Tuesday, September 16, 2008
Fight Club; Drama, USA, 1999; D: David Fincher, S: Edward Norton, Brad Pitt, Helena Bonham Carter, Meat Loaf, Zach Grenier
The main character is a young lad who suffers from insomnia and visits numerous support groups formed of people who survived a sickness. There he meets the healthy Marla who is also depressive. He also meets the secretive soap seller Tyler Durden who includes him into his anarchic "Fight Club" that offers men a possibility to fight each other and thus get rid of anxiety of civilisation and consumerism. One day the lad wakes up and Tyler is gone, while all the members just listen to him.
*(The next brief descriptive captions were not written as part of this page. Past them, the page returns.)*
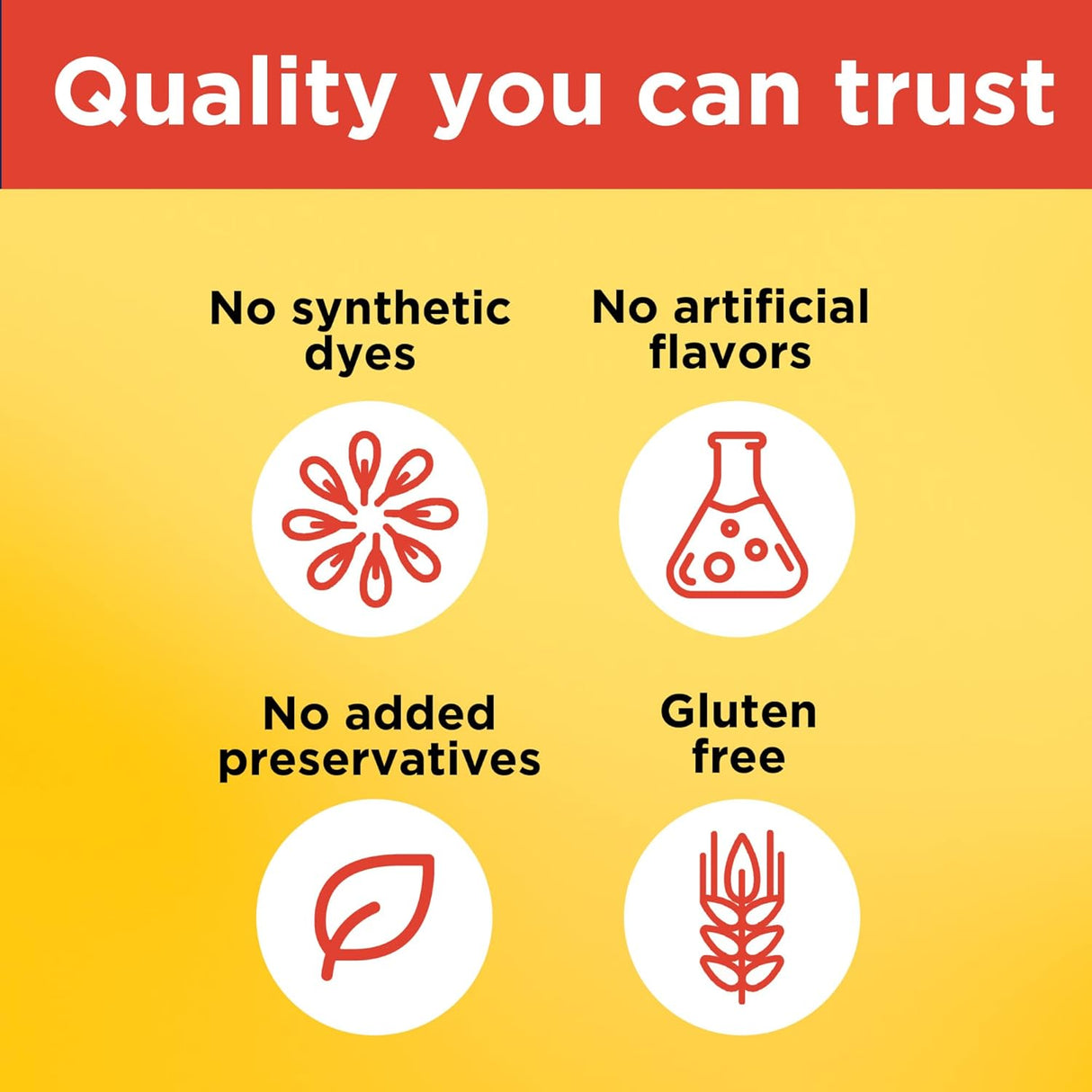 Suplemento Vitamina C 500 mg apoyo inmunológico 60 cáp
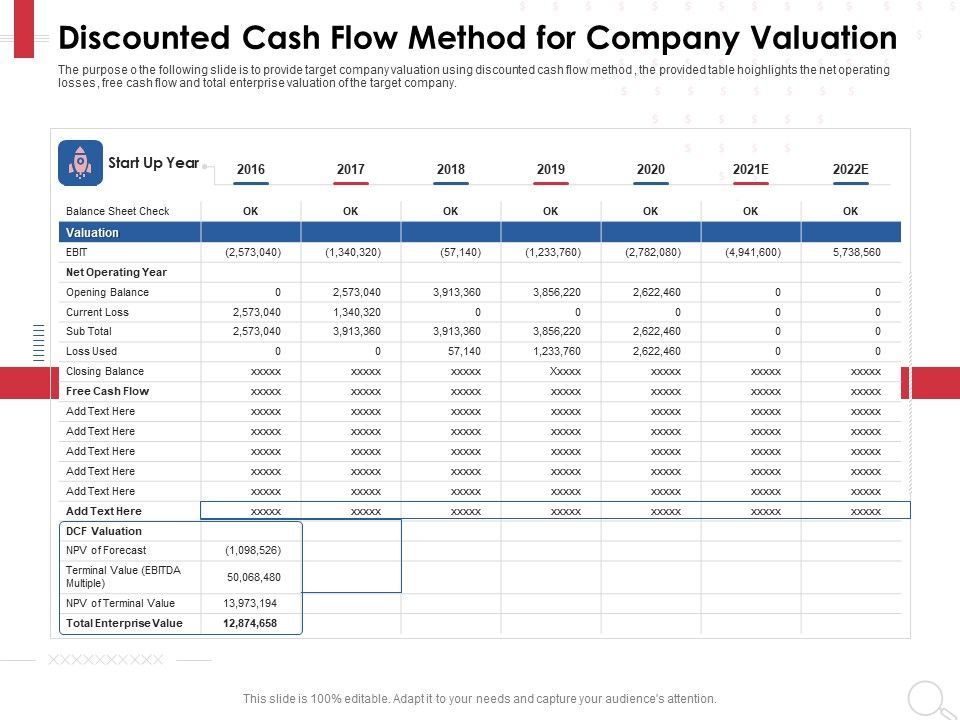 Equity_Analysis_Project_Discounted_Cash_Flow_Method_For_Company_Valuation_Ppt_PowerPoint_Presentation_Gallery_Slides_PDF_Slide_1.jpg
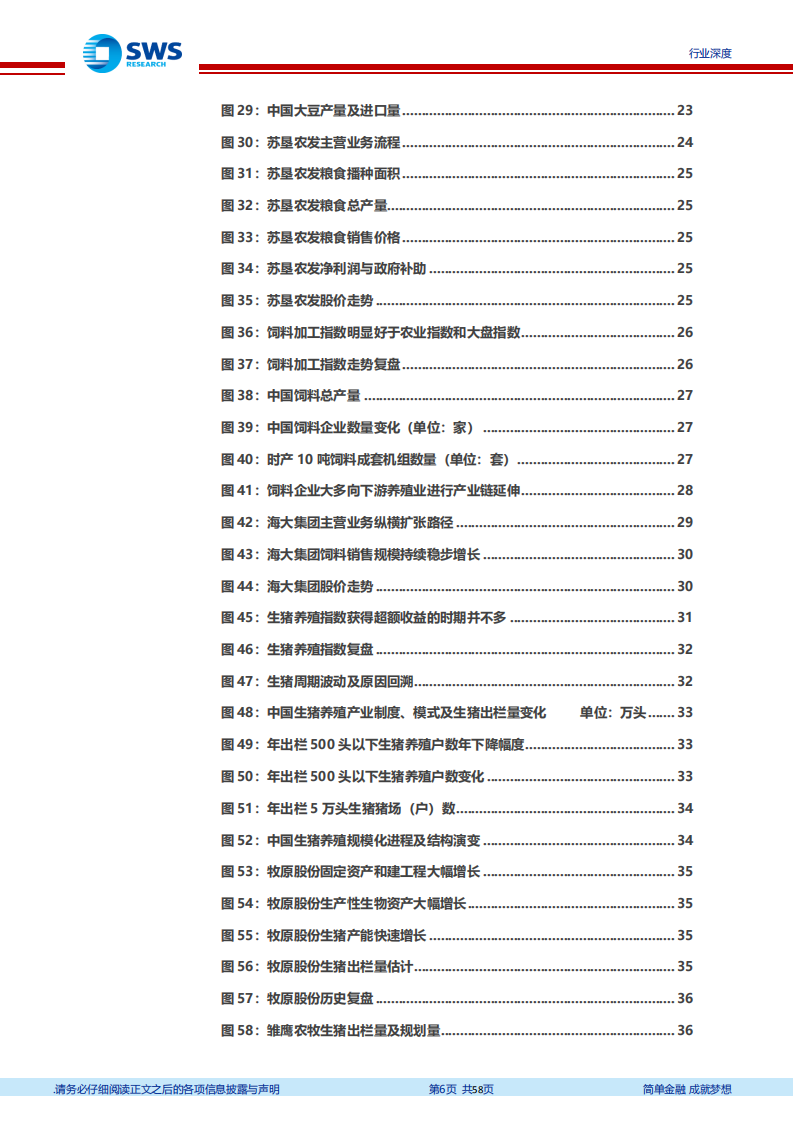 农林牧渔行业复盘报告：沉舟侧畔千帆过，万吨巨轮驶蓝海-2020201231.pdf 第6页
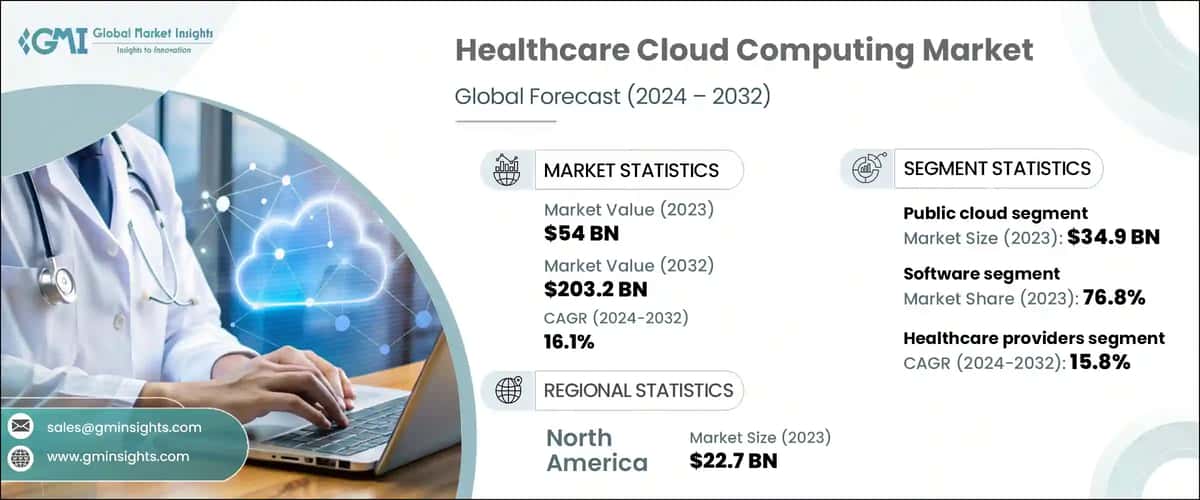 Healthcare Cloud Computing Market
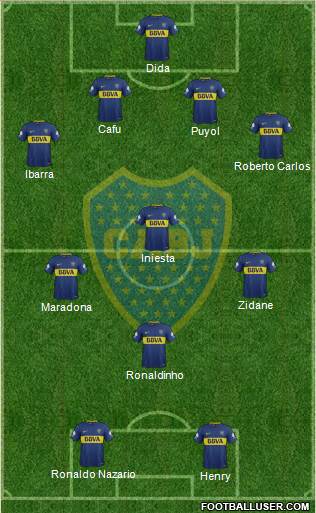 Boca Juniors Formation 2018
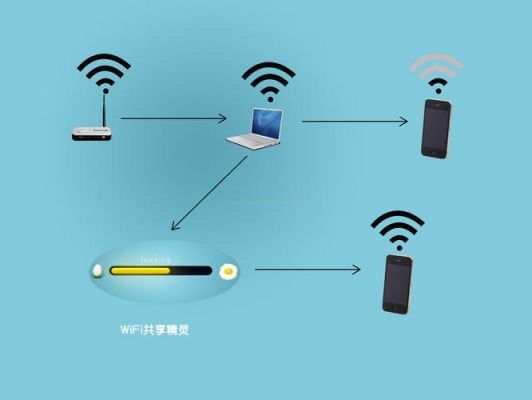 wifi传输远离（远距离无线网络传输设备）-图2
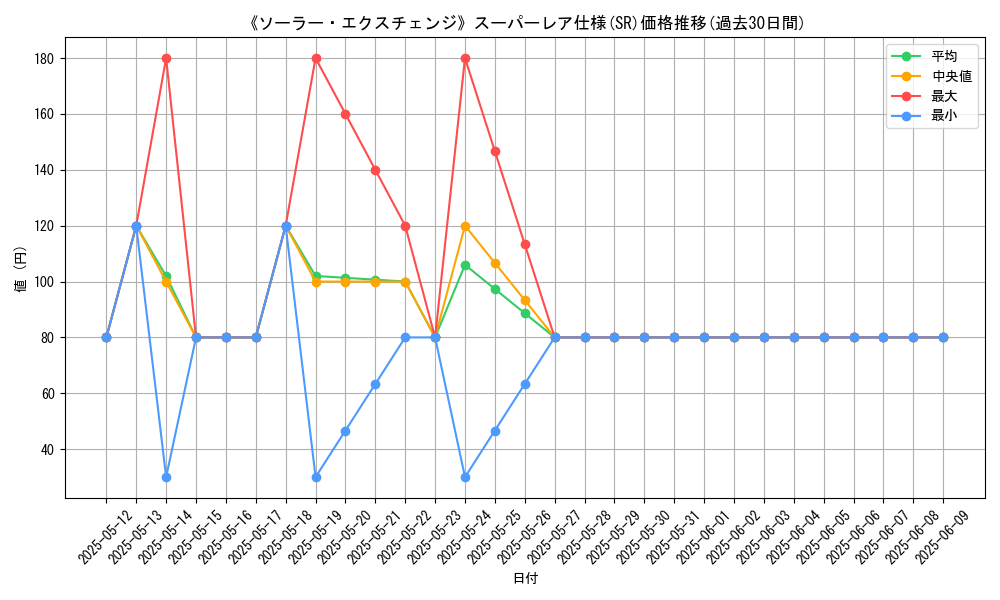 graph_rarity_5876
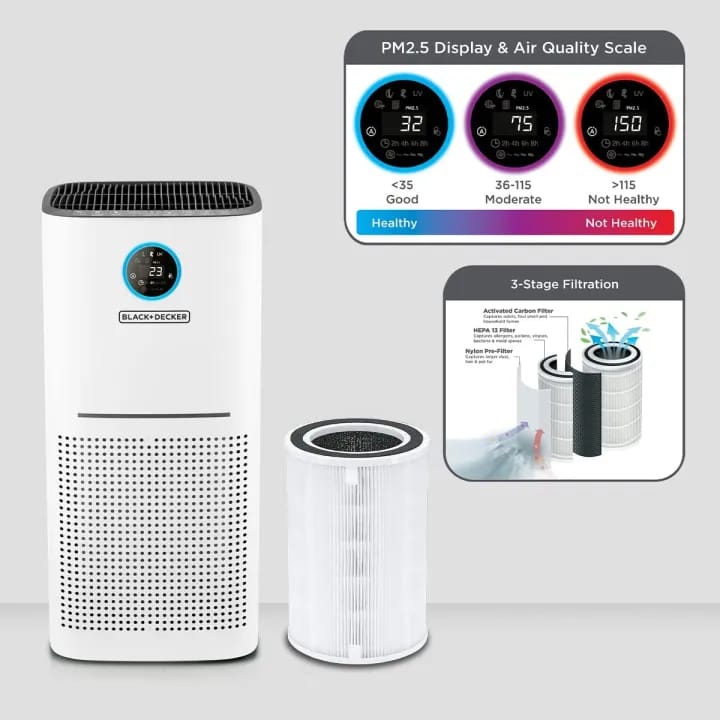 BLACK+DECKER Air Purifier AP3560-B5 for Large Room upto 60m2 HEPA 13 air filter PM2.5 Real Time Air Quality Sensor CADR 470m3/h - image 4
He travels through towns until he finds out that Tyler doesn't exist, but is actually just his own split personality. He eradicates him and ends up with Marla, watching his plan still come true, namely the bombs destroying financial city block.
One of the most overrated movies of the 90s, heavy satire "Fight Club" marked director David Fincher's return to his dark, dirty, grey style combined with a vague, but subversive message about one individual rebelling against his society and it's rules: the visual style is inventive in many scenes, like the one where the hero walks through the pages of an Ikea catalogue, but the running time is overlong while many moments are simply too narcissistic, sterile and overblown. The amazing plot twist at the end is brilliant and gives the whole film a new subtext which actually neatly fits in with the previous scenes while Edward Norton and Brad Pitt both give great performances. There are echoes of satire on consumerism, capitalism and anti-totalitarianism, especially when Tyler says his cynical line: "The media is constantly trying to convince us that we will all become millionaires, actors, rock stars. But we are slowly gaining conscience and getting sick of it!", yet all those messages seem chaotic, as if they were formulated by a mind suffering from some kind of autism. It's a provocative, good film with an unusual philosophy about how anarchy can be liberating, yet it can't hide the fact that at times is seems as if it consists just of aesthetically shot dry events.